Primordial star formation: relative impact of H2 three-body rates and initial conditions

TL;DR

This study investigates how new accurate three-body H2 formation rates influence primordial star formation, revealing that their impact varies with initial conditions and halo properties, affecting thermal evolution and molecular hydrogen formation.

Contribution

The paper introduces the use of new precise three-body H2 formation rates in simulations of primordial star formation, highlighting their variable impact across different minihalos.

Findings

New rates can alter the point of full molecular hydrogen formation.

Thermal evolution varies significantly depending on initial conditions.

Correct three-body rates are as crucial as initial conditions for accurate modeling.

Abstract

Population III stars are the first stars in the Universe to form at z=20-30 out of a pure hydrogen and helium gas in minihalos of 10^5-10^6 M$_\odot$ . Cooling and fragmentation is thus regulated via molecular hydrogen. At densities above 10^8 cm$^{-3}$, the three-body H2 formation rates are particularly important for making the gas fully molecular. These rates were considered to be uncertain by at least a few orders of magnitude. We explore the impact of new accurate three-body H2 formation rates derived by Forrey (2013) for three different minihalos, and compare to the results obtained with three-body rates employed in previous studies. The calculations are performed with the cosmological hydrodynamics code ENZO (release 2.2) coupled with the chemistry package KROME (including a network for primordial chemistry), which was previously shown to be accurate in high resolution simulations. While the new rates can shift the point where the gas becomes fully molecular, leading to a different thermal evolution, there is no trivial trend in how this occurs.
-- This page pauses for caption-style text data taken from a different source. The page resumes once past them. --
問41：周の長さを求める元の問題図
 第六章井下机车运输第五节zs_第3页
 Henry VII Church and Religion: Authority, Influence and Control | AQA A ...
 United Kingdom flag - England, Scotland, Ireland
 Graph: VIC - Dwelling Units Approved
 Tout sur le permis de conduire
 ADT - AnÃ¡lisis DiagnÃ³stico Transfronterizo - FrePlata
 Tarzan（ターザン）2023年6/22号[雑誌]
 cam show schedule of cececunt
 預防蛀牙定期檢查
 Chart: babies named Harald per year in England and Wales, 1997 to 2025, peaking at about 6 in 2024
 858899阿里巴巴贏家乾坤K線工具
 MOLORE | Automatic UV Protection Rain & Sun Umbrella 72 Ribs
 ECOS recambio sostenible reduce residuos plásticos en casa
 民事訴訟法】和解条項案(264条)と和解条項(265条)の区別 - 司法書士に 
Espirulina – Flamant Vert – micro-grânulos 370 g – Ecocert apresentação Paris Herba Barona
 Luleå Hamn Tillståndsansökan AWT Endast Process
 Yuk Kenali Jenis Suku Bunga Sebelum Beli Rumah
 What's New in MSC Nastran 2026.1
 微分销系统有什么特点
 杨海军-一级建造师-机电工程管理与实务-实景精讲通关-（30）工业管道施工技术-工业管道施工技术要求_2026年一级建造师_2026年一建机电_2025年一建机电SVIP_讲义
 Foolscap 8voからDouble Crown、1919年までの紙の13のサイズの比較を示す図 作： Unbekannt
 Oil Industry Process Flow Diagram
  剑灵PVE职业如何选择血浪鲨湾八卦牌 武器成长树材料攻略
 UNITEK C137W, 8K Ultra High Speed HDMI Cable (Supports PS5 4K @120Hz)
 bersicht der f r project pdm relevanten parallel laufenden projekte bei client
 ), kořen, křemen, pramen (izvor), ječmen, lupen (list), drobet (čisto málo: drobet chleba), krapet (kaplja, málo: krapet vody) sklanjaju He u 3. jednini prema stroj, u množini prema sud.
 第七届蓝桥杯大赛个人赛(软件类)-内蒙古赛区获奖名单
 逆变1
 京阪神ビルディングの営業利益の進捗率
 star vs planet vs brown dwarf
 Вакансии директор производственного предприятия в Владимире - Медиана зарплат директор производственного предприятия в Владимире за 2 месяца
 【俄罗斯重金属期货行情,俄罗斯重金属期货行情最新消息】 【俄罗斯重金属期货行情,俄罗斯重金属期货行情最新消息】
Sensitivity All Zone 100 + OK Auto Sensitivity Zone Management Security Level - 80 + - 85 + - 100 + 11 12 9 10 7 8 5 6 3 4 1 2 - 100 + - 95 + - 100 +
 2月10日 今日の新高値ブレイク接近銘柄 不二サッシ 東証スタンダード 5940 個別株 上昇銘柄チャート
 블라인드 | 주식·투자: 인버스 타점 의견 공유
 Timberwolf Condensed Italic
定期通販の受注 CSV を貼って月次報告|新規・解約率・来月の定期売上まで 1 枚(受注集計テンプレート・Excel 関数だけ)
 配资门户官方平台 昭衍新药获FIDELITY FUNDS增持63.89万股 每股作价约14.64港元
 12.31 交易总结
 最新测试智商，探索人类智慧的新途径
While one might naively expect the results to be inbetween the calculations based on Palla et al. (1983) and Abel et al. (2002), the behavior can be close to the former or the latter depending on the dark matter halo that is explored. We conclude that employing the correct three-body rates is about as equally important as the use of appropriate initial conditions, and that the resulting thermal evolution needs to be calculated for every halo individually.